While US Is Chasing AGI, China is Building ASI (aka AI Plus)
When Alibaba CEO Eddie Wu took the stage at the company’s annual Apsara conference in Hangzhou last September, nobody expected fireworks.
The man’s known for reading from prepared statements like a high school student giving a book report on a novel they didn’t quite finish.
But this time? Wu came out swinging with four words beamed on a giant screen that would send Alibaba’s stock soaring: “Roadmap to Artificial Superintelligence.”

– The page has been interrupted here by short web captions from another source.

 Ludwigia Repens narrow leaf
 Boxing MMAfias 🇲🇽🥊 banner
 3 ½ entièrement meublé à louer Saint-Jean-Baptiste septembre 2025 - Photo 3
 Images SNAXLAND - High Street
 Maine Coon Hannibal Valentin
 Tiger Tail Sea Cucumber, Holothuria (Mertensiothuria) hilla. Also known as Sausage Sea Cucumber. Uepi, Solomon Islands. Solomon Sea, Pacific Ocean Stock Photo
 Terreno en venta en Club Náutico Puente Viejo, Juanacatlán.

Wu’s 23-minute keynote explicitly invoked both AGI (artificial general intelligence) and ASI (artificial superintelligence)—making Alibaba the first established Chinese tech giant to publicly embrace these terms.

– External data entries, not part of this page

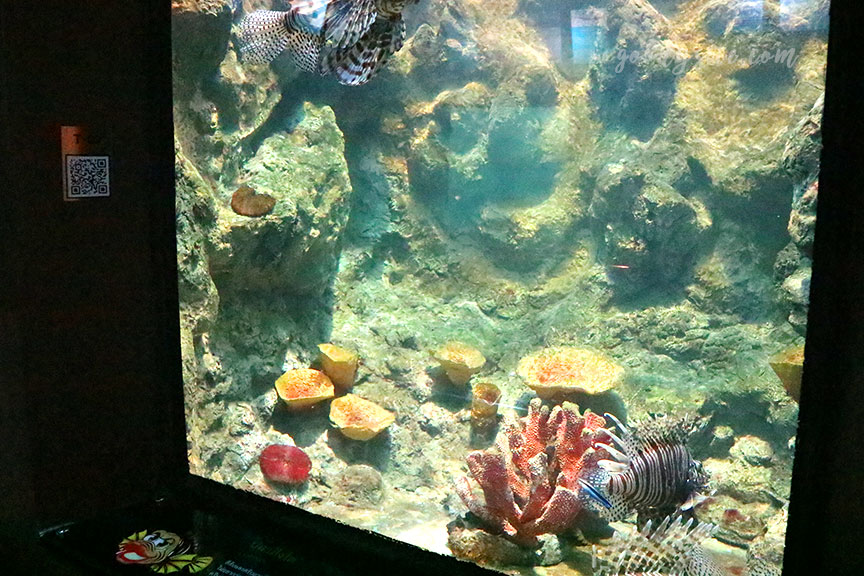 ภูเก็ต 6 สถานแสดงพันธุ์สัตว์น้ำภูเก็ต Phuket Aquarium
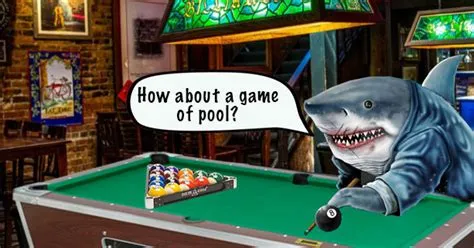 The Hustler! A Tale of Pool Sharks, Risky Bets, and Existential Angst!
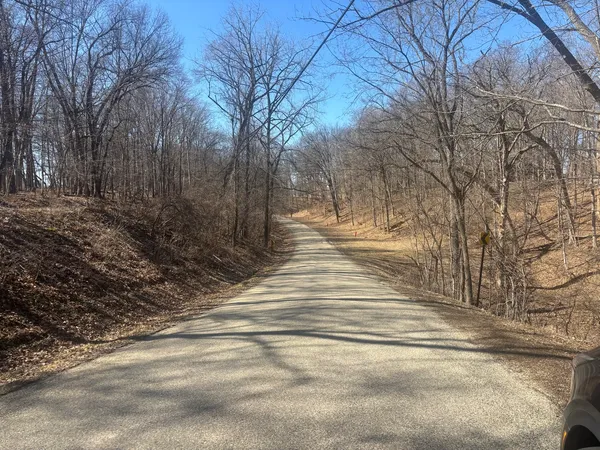 a view of yard with tree s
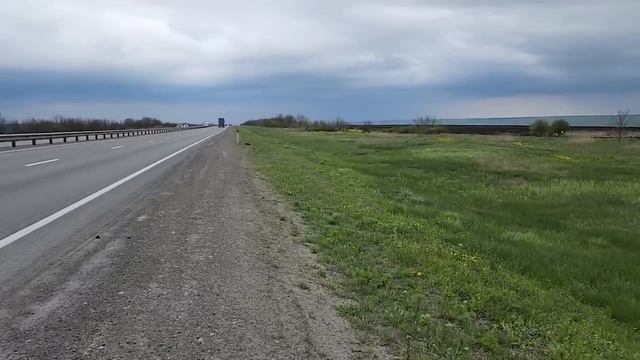 Поехали к истощенным щенкам на дачах и увидели на трассе истощенного щенка. Приехала из Москвы. смотреть онлайн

While Silicon Valley has been tossing around these concepts for years, this was different. This was China’s largest cloud company declaring that AGI isn’t the finish line—it’s just the starting point.
The ASI Declaration
Wu laid out an ambitious vision: “Achieving AGI—a system with human-level general cognitive abilities—now appears to be a certainty. However, AGI is not the endpoint of AI development; it is a brand-new starting point.
AI will not stop at AGI; it will progress toward ASI, surpassing human intelligence and capable of self-iterative evolution.”
Think about that for a moment.
While American tech companies obsess over reaching human-level AI, China’s biggest players are already planning for what comes after.
Wu described ASI as a system that could produce a generation of “super scientists” and “full-stack super engineers” capable of conquering medical challenges, inventing new materials, solving sustainable energy and climate issues, and even enabling interstellar travel. No pressure, right?
Wu outlined a three-phase roadmap toward ASI:
First, “emergent intelligence,” where AI develops reasoning by learning from humanity’s collective knowledge.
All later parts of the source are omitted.